Qualité de l’enseignement et insertion professionnelle
Dans les formations en français délivrées par les organismes agrémentés par l’Office français de l’immigration et de l’intégration (OFII), on observe une amélioration de la qualité de l’enseignement et un souci de l’insertion professionnelle. Le cliché du migrant ne sachant ni lire ni écrire et devant être intégré dans des formations réservées aux personnes en situation d’illettrisme ou apprenant l’alphabet sur des imagiers d’enfants avant de pouvoir trouver un travail a fait son temps. On pense désormais à leur apprendre le français pour trouver un travail.

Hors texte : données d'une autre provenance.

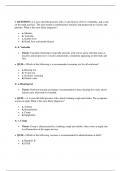 {NGN}ATI PEDIATRIC EXAM TEST BANK EVERYTHING ON ATI PEDIATRICS INCLUDING NCLEX QUESTIONS AND CORRECT ANSWERS (BEST DOCUMENT FOR ATI PEDS)GRADEd A+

Les associations et l’État prennent conscience qu’en plus d’avoir déjà des acquis, les migrants sont parfois bien plus qualifiés et qu’ils pourraient intégrer une sphère professionnelle. Pour répondre à cela, les formations en français ont intégré des modules permettant aux étrangers d’acquérir certains codes professionnels. On peut obtenir la carte de résident à partir du niveau A2 (niveau débutant avancé) mais l’accès aux formations ou aux titres de qualification ne sont possibles qu’à partir du niveau B1 (intermédiaire, troisième niveau). On calcule qu’il faudrait environ entre trois cents et quatre cents heures pour obtenir les deux niveaux précédents, et encore cela dépend évidemment des capacités de chacun. Trois cents heures lorsque l’on est dans une situation d’urgence, le temps paraît bien long. Même si l’on ne doute pas de la motivation des travailleurs migrants à apprendre la langue française rapidement, cela signifie donc qu’il faudrait entre six mois et une année supplémentaire. On observe donc une incohérence entre les niveaux de langue établis par le contrat d’intégration républicaine (CIR) et les besoins humains de ces travailleurs, qui constitue un nouveau frein à leur insertion en France. Ne faudrait-il pas aller vers une convergence des formations linguistiques et des formations professionnelles afin d’intégrer un métier de manière plus rapide tout en sortant des niveaux officiels ?

Laura Isnard est enseignante de français langue étrangère.